The second method is to compute the partial from observed correlations (see my slideshow for the formulas).

```
r12.3 <- (corrs[2,3]-corrs[2,1]*corrs[3,1])/(sqrt(1-corrs[2,1]^2)*sqrt(1-corrs[3,1]^2))
r12.3
```

`## [1] 0.7476`

As you can see, the result is the same as the two previous calculations. Note that ‘corrs’ is the correlation matrix computed at the beginning of this file. Because we are dealing with correlations, we don’t have to know the means and standard deviations of the variables.

Suppose that we want to control high school GPA for SAT-V, but we want no statistical control applied to freshman GPA. This would address how well high school GPA (HSGPA) correlated with college freshman GPA (FGPA) above and beyond SAT-V.

The R syntax using ‘spcor’ is:

`spcor.test(FGPA,HSGPA,SATV)`

```
## estimate p.value statistic n gp Method
## 1 0.4338 0.2434 1.274 10 1 pearson
```

Note that the statistical control is applied to the right-hand partner of the first two variables (here HSGPA), and the control variable is the last in the list (here SATV).

Note also that the semipartial correlation is smaller than was the partial correlation.
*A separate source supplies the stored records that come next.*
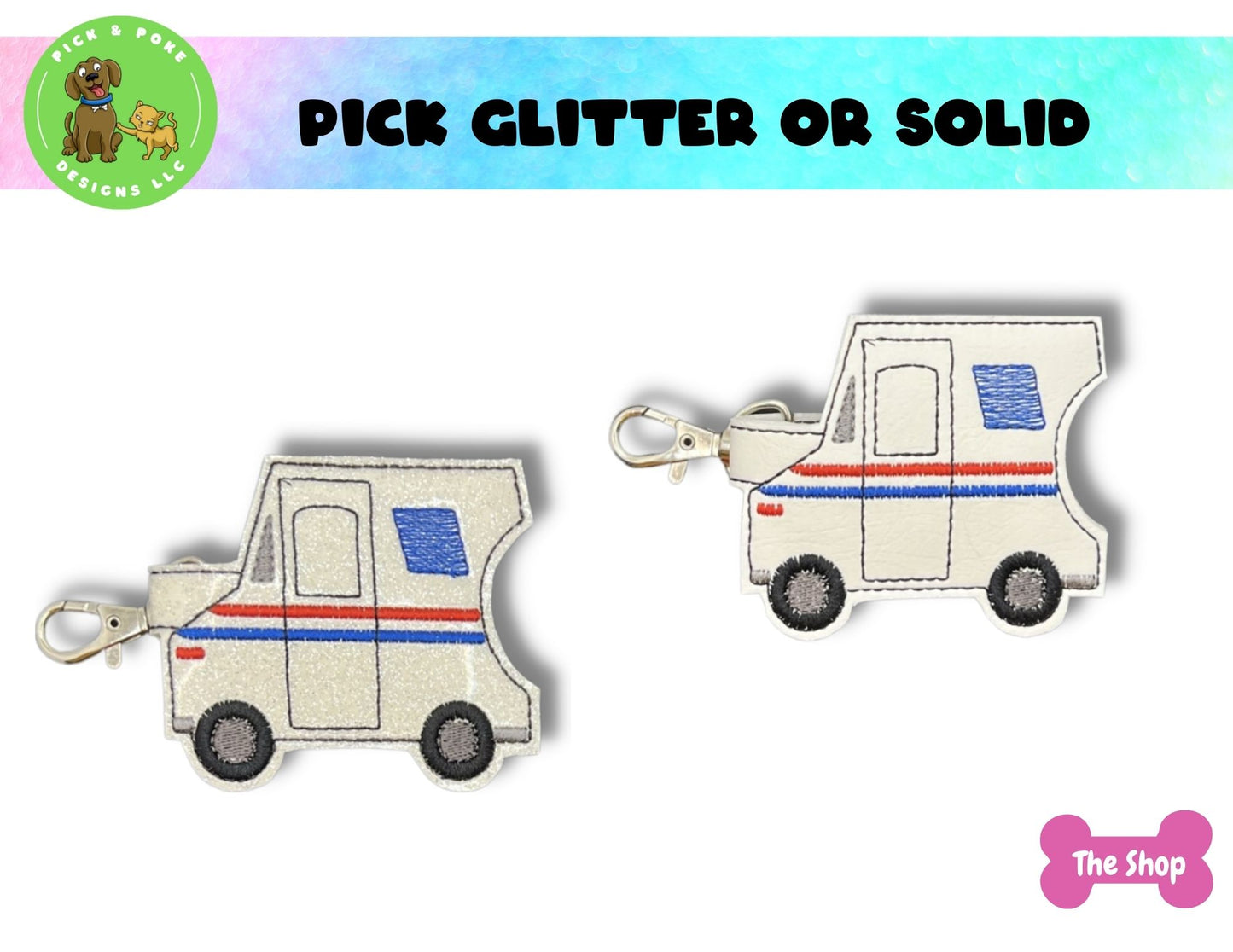 Mail Truck Hand Sanitizer Holder Key Chain | Embroidered on Vinyl | Made to Order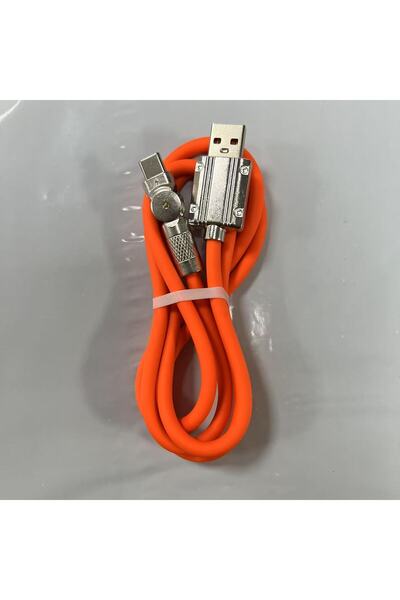 Choice 2m Orange 120W 7A Fast Charge USB Type C Cable 180 Degree Rotation Elb...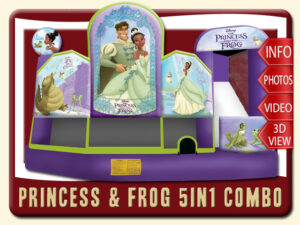 Princess & Frog 5in1 Bounce House Water Slide Inflatable Combo, Tiana, Prince Naveen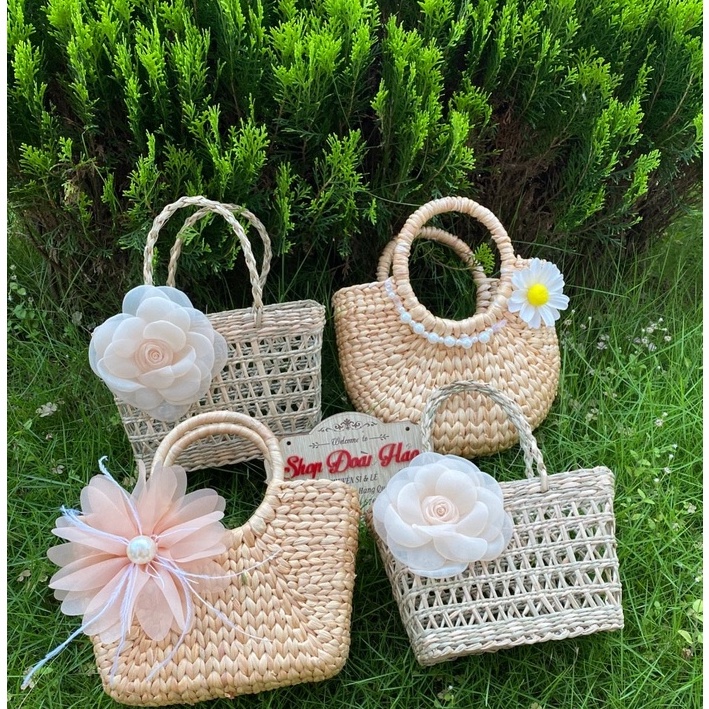 Túi xách Cói Đi Biển, Làn Cói Thời Trang Đa Dạng Mẫu Mã, Phụ kiện Chụp Ảnh Ao Dài, Giỏ Cắm Hoa TMA350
That part of freshman GPA that is attributable to cognitive ability was removed in the partial correlation, but it remains in the semipartial, so the resulting correlation is smaller in the semipartial.

We can also compute the semipartial using regression residuals and using formulas for the observed correlations, just as we could for the partial correlation.

Regression estimates:

`cor(FGPA, resid1)`

`## [1] 0.4338`

As you can see, the result is the same as using ‘spcor’ (resid1 was computed earlier; see the code above).

We can also compute the semipartial from observed correlations:

```
r1_2.3_ <- (corrs[2,3]-corrs[2,1]*corrs[3,1])/(sqrt(1-corrs[2,1]^2))
r1_2.3_
```

`## [1] 0.4338`

As you can see, the result is the same as the earlier computations. The matrix ‘corrs’ was computed at the beginning of the file.